Seine Lebensgeschichte
Über Theophilus’ Lebensgeschichte ist wenig bekannt. Er wurde von nichtchristlichen Eltern erzogen. Später bekehrte er sich zum Christentum, jedoch erst nach einem sorgfältigen Studium der heiligen Schriften. Er wurde Bischof der Gemeinde in Antiochia (Syrien), dem heutigen Antakya in der Türkei.
In Übereinstimmung mit Jesu Gebot predigten die Christen des ersten Jahrhunderts auch der Bevölkerung von Antiochia.

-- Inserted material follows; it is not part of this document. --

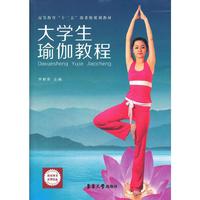 大学生瑜伽教程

Lukas berichtete über ihren Erfolg, als er schrieb: „Die Hand Jehovas [war] mit ihnen, und eine große Zahl, die gläubig wurde, wandte sich dem Herrn zu“ (Apostelgeschichte 11:20, 21). Durch göttliche Vorsehung wurden die Nachfolger Jesu Christi als Christen bekannt. In Antiochia in Syrien wurde diese Bezeichnung zum ersten Mal benutzt (Apostelgeschichte 11:26). Diese Stadt besuchte der Apostel Paulus im ersten Jahrhundert u. Z., und sie wurde zum Ausgangspunkt seiner Reisen. Von Antiochia aus unternahmen Barnabas und Paulus ihre erste Missionsreise, auf der sie von Johannes Markus begleitet wurden.

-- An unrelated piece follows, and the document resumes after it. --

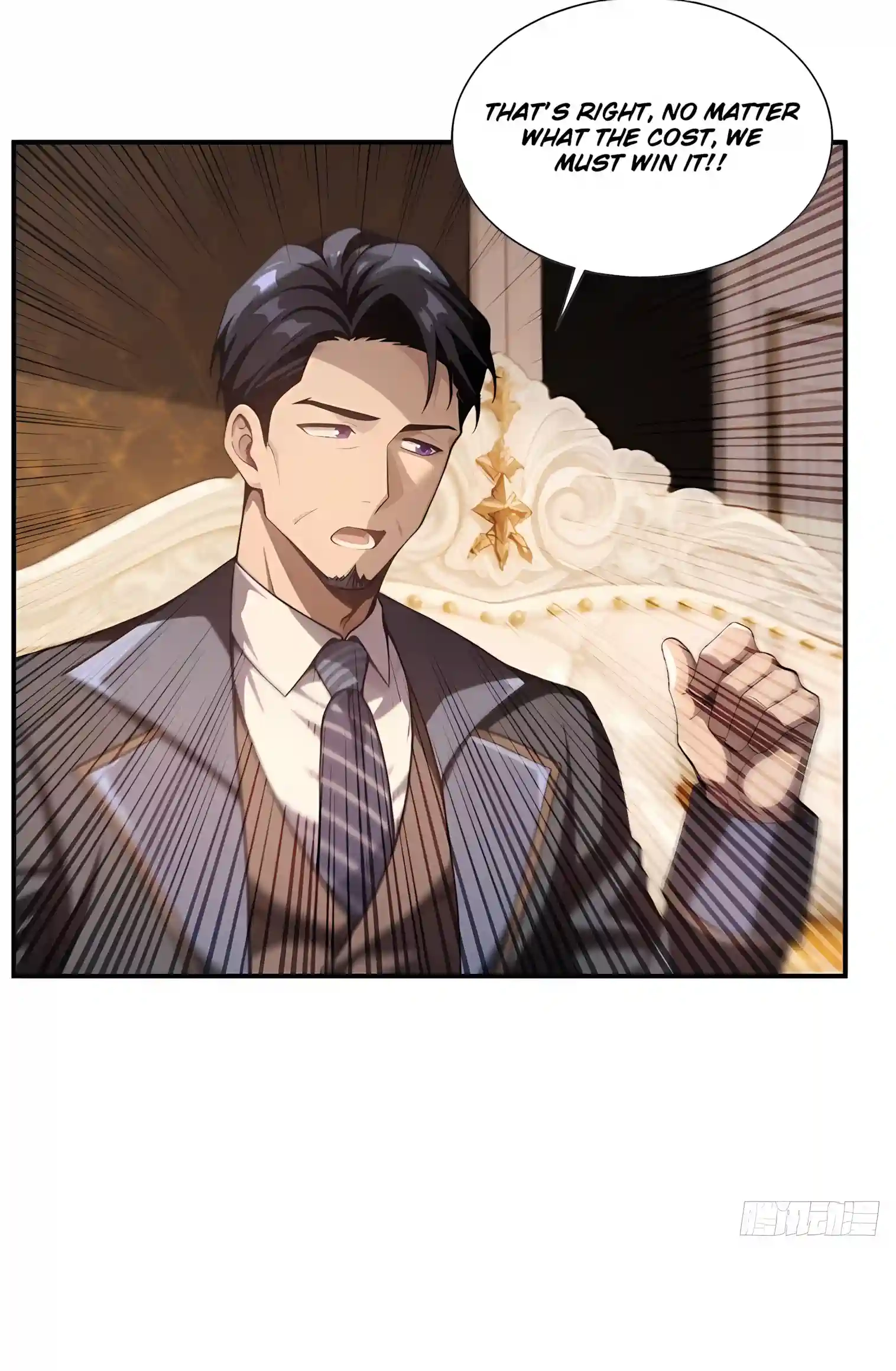 Read I Opened the Mythical Pet Era chapter 45 image 31 on Lezhin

Die ersten Christen in Antiochia müssen durch Apostel, die ihre Stadt besuchten, sehr ermuntert worden sein. Ihre begeisterte Reaktion auf die Wahrheit des Wortes Gottes war zweifellos zum Teil auf die glaubensstärkenden Besuche von Vertretern der leitenden Körperschaft des ersten Jahrhunderts zurückzuführen (Apostelgeschichte 11:22, 23). Wie ermunternd muß es doch für sie gewesen sein, zu sehen, daß sich so viele Einwohner von Antiochia Jehova Gott hingaben! Theophilus lebte allerdings über 100 Jahre später in Antiochia.
Wie der Historiker Eusebius schrieb, war Theophilus der sechste Bischof von Antiochia, von der Zeit der Apostel Christi an gerechnet. Theophilus zeichnete eine beträchtliche Anzahl mündlicher Diskussionen und Widerlegungen der Häresie auf. Er gehört zu dem etwa einen Dutzend christlichen Apologeten seiner Tage.

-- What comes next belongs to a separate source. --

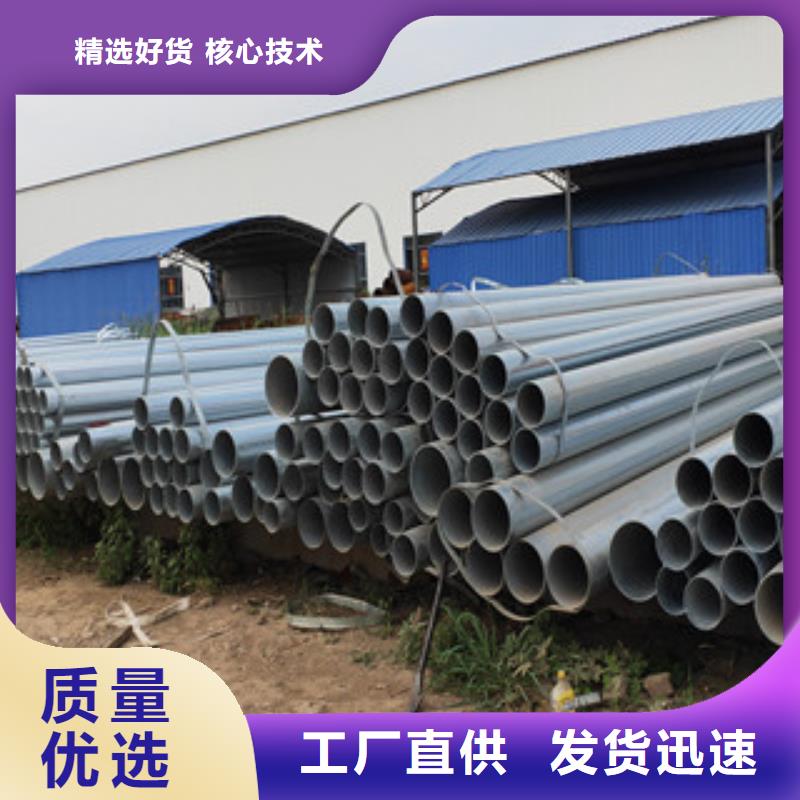 焊管定尺價格-我公司資質齊全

Eine Betrachtung seiner Schriften
Theophilus bezieht sich auf einen früheren Dialog mit dem Heiden Autolykus und beginnt seine Ausführungen wie folgt: „Armseligen Menschen mit verdorbenem Sinn verschafft eine gelenke Zunge und eine wohlklingende Phrase Wohlgefallen, Lob und eitlen Ruhm.“ Dann geht er näher darauf ein und schreibt: „Wer aber die Wahrheit liebt, kehrt sich nicht an Geflunker, sondern untersucht, welches ... die mit dem Worte verbundene Tat ist. Du bist nun ... heftig auf mich losgefahren mit leeren Prahlereien über deine Götter aus Holz und Stein, von getriebener und Gußarbeit, geschnitzt und gemalt, die nicht sehen und hören; denn sie sind nur Bilder und Werke von Menschenhand.“ (Vergleiche Psalm 115:4-8.)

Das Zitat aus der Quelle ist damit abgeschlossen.